Mike Beneke, owner of Double B Cattle of Lincolnville, was granted a 30-day extension to remove about 8 million pounds of silage from his property at 601 W. Main St., at a hearing Sept. 16.
Unlike the first hearing on Aug. 30 in which Beneke had 10 days to remove the silage, the verdict last week was 30 days, or Oct. 17, and a $30,000 letter of credit.
City administrator Roger Holter said Monday that it’s his understanding that if the silage isn’t removed, the city will do it at Beneke’s expense.
“The city has attempted to administer the laws of the city in a fair and consistent manner,” he said.
“Our goal has remained consistent throughout the process and remains unchanged.”
At the first hearing Aug. 30, Holter said this was a safety concern to include it being a fire hazard because of its proximity to residences.
Holter said: “It’s also in the flood plain, which implicates surface and ground water.”
Another concern was the height of the pile and that it wasn’t covered, leaving it open for flies and other animals to access.
But, being in the city limits, covered or not, it was still in violation of the ordinance.
Municipal Court Judge Randy Pankratz at both the first and second hearings agreed with Robson’s findings that the silage went against the city’s health and nuisance codes, something everyone else must abide by.
In his defense, Beneke said he was simply trying to make a living, which was not disputed.
However, Pankratz said the city keyed in on something in Section A of the ordinance, which included a prohibition on some specific things.
Those were paper, rocks, excrement, dirt, cans, trash, and even though silage was not on the list, the ordinance went on to state, “or any other offensive or disagreeable thing or substance,” Pankratz said in August.
Request for extension
At some point prior to the 10-day deadline to remove the silage, Beneke approached Robson asking for more time to remove the silage.
In turn, Robson contacted Pankratz, with Beneke present, to make a case for the extension hearing.
Prior to the first hearing and before the second hearing Sept. 12, Beneke said his goal was to remove the silage this coming winter to feed his cattle.
Removing the silage prior to that time, he said, would be a hardship.
“It would be an extremely tall order to move it,” Beneke said.
But, Pankratz said, in the fullness of the circumstances, I don’t think this material should have been put where it was put to begin with.
It’s an illegal deposit
Holter added: “On behalf of the citizens, we simply want Mr.
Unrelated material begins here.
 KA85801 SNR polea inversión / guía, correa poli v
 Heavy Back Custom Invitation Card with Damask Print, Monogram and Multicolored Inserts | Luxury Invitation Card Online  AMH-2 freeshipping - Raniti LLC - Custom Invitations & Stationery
Beneke to remove the illegally deposited 8 million pounds of decaying material that creates safety and health concerns for our community.
“Residents did not choose to live in a feed processing area which was created by a single individual desiring to impose his will upon the community for commercial gain.”
Holter explained that Beneke’s actions are more consistent with a rural or farmstead setting and not in an urban environment.
“From the city’s perspective, we will commence the abatement process on Oct. 18 should Mr. Beneke fail to abate,” he said.